Prince George's fall fair is about cows and tractors, but also about guitars and actors. Entertainment is as much a focus of the BC Northern Exhibition as the agriculture and home crafts. All day long, all fair long, music and comedy and performance of all kinds can be found all around the grounds.
The fair organizers have learned some tricks and lessons over the 100-plus years of the fair. One of them is to impress people with a headline act. This year, that has taken on a massive presence. Nobody can downplay a band that has sold 20 million albums, garnered eight Grammy nominations, put 10 singles into the Top 10 (two of them got to No. 1), and are considered one of the pioneers of modern rock.

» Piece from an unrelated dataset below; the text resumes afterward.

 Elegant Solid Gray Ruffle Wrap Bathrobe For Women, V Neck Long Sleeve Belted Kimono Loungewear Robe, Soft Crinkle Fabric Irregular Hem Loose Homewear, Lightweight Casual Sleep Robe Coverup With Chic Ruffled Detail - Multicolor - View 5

Alice In Chains are peers with Nirvana, Soundgarden and Pearl Jam on the spearhead of the Seattle Sound, otherwise known as Grunge. They are the spearhead of the entertainment offerings at this year's BCNE.
"We are trying to take the BCNE to the next level, give people that higher notch of talent, and we have Alice In Chains as that really big name for a rock-heavy city. We hope that makes a statement about where we plan to go with the entertainment value," said Tim Yule, the BCNE's director of entertainment.

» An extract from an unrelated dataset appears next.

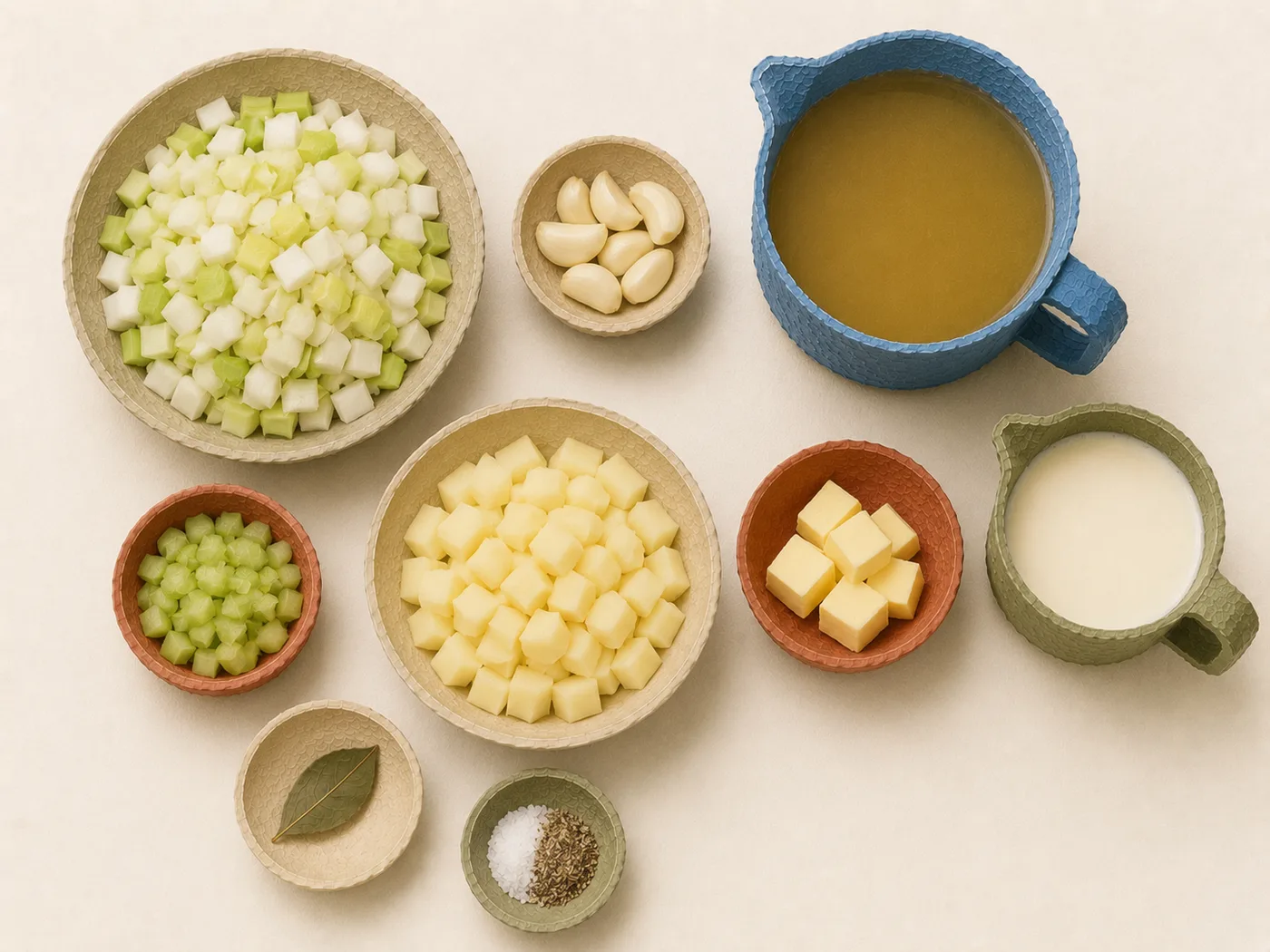 Flat-lay of leeks, potatoes, and garlic for potato leek soup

Another major name coming to this year's event is an entertainer of a different sort. Cuisine is very much an art, and has its performance elements. Someone known around the world for his television and literary forays into food is celebrity chef Bob Blumer. He will be the anchor attached to a new feature at this year's fair. There's no better way to celebrate local agriculture than with live food demonstrations and competitions, and that's what you get with the Northern Taste Market. It includes head-to-head culinary competition between local professional chefs and there's a division for amateurs on the knife edge of kitchen creations.

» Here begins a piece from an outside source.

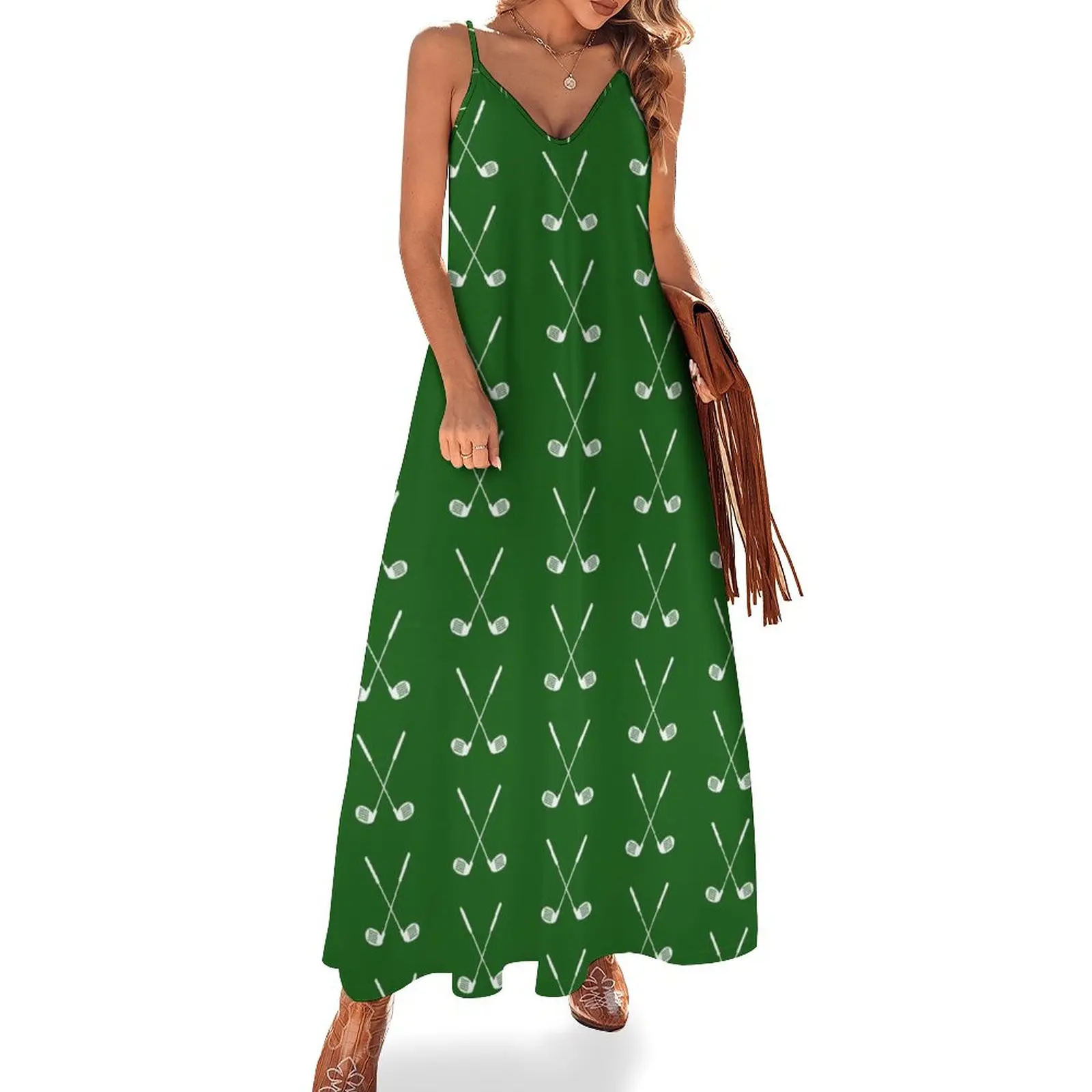 

Crossed Golf Clubs Pattern Sleeveless Dress summer dress Clothing female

While the Northern Taste Market takes care of the smells of the fair, Yule has two sets of musicians to tantalize your ears. The daytime Community Stage acts and the evening Mainstage Acts also got extra care and attention this year, after careful market research was done.
Yule, a School District 57 principal and a pro-am musician, books more than 100 acts per year into local schools. He also performs off and on with his rockabilly band The Chevys. He contacted the national booking agents and trade publications to drill into what forces were driving today's audiences.
"For reasons that make a lot of sense, and I know from experience here in Prince George, the classic rock tribute bands are what's owning audience attention right now," he said.
The BCNE will be a festival of these acts - bands and soloists that don't merely cover the songs of their favourite stars, they recreate that star's presentation persona. Audiences could hardly expect KISS or Tom Petty to detour into the BCNE, or Guns 'n' Roses to reform for a Prince George gig, but fair goers get all these plus Stevie Nicks, Pat Benatar, Chrissy Hynde and Blondie.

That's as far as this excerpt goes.